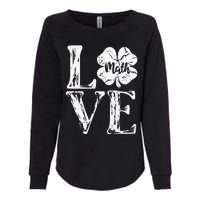 Love Shamrock Math Teacher St Patricks Day Womens California Wash Sweatshirt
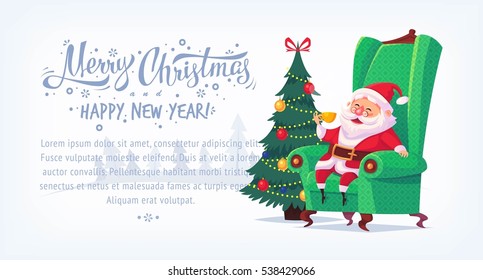 Cute cartoon Santa Claus sitting in chair drinking tea Merry Christmas vector illustration horizontal banner.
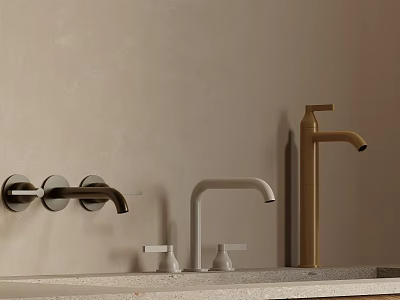 Three Modern Minimalist Black White Gold Faucets Mounted On Beige Wall With Countertop Knobs 3d model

[INSTRUCTIONS TO FOLLOW] Return the full listing exactly as written, without any of its images.

[EXERCISE OUTPUT]
 Love Shamrock Math Teacher St Patricks Day Womens California Wash Sweatshirt
 Cute cartoon Santa Claus sitting in chair drinking tea Merry Christmas vector illustration horizontal banner.
 Three Modern Minimalist Black White Gold Faucets Mounted On Beige Wall With Countertop Knobs 3d model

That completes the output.